▸ Task prompt
Retype, exactly and with nothing added, the lines from the one showing "Sculpture of a" through the final line of the material. Omit pictures.

▸ Data section
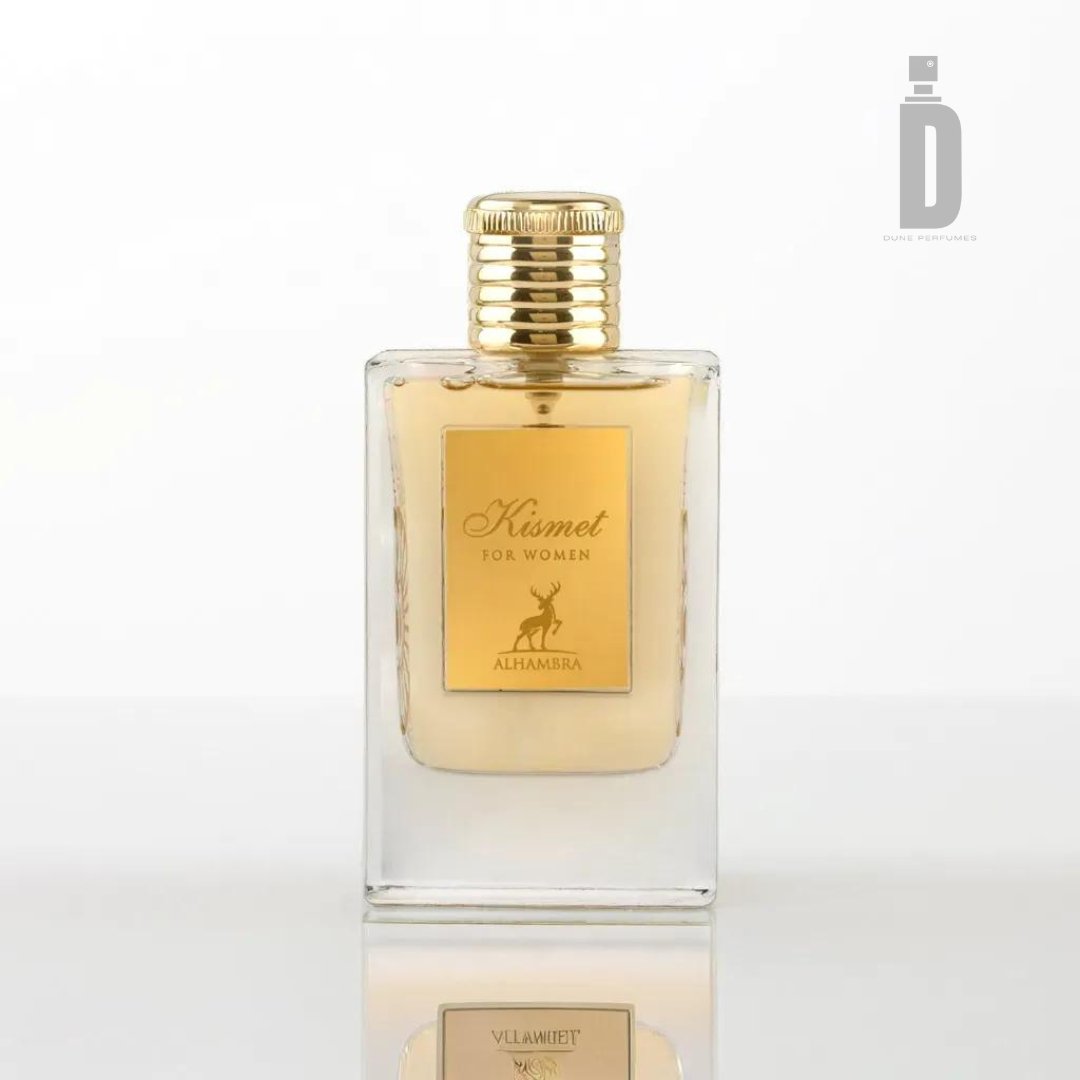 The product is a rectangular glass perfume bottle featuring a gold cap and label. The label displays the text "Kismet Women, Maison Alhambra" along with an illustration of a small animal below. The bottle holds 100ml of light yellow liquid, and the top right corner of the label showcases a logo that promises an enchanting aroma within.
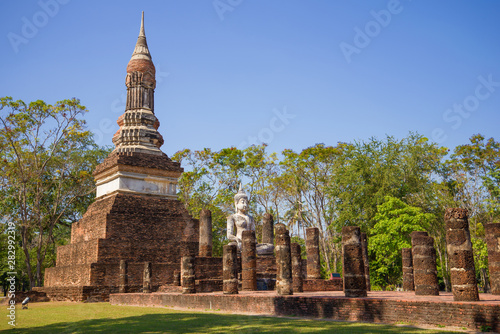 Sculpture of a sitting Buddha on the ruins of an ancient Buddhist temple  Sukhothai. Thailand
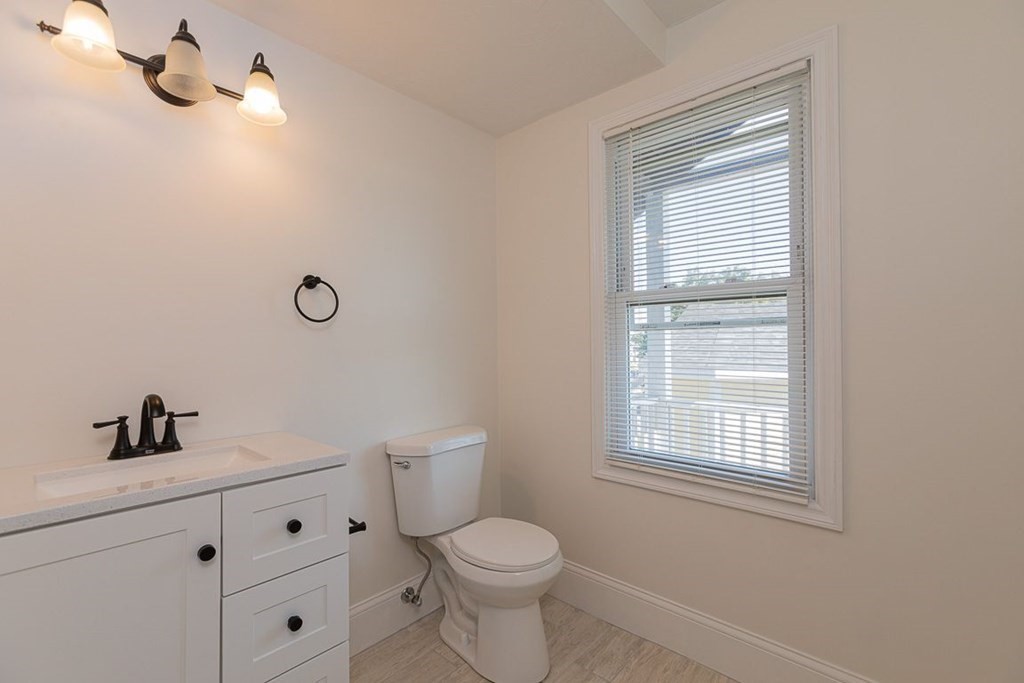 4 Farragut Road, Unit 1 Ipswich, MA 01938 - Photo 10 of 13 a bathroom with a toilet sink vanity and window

▸ Response for this exercise
 Sculpture of a sitting Buddha on the ruins of an ancient Buddhist temple  Sukhothai. Thailand
 4 Farragut Road, Unit 1 Ipswich, MA 01938 - Photo 10 of 13 a bathroom with a toilet sink vanity and window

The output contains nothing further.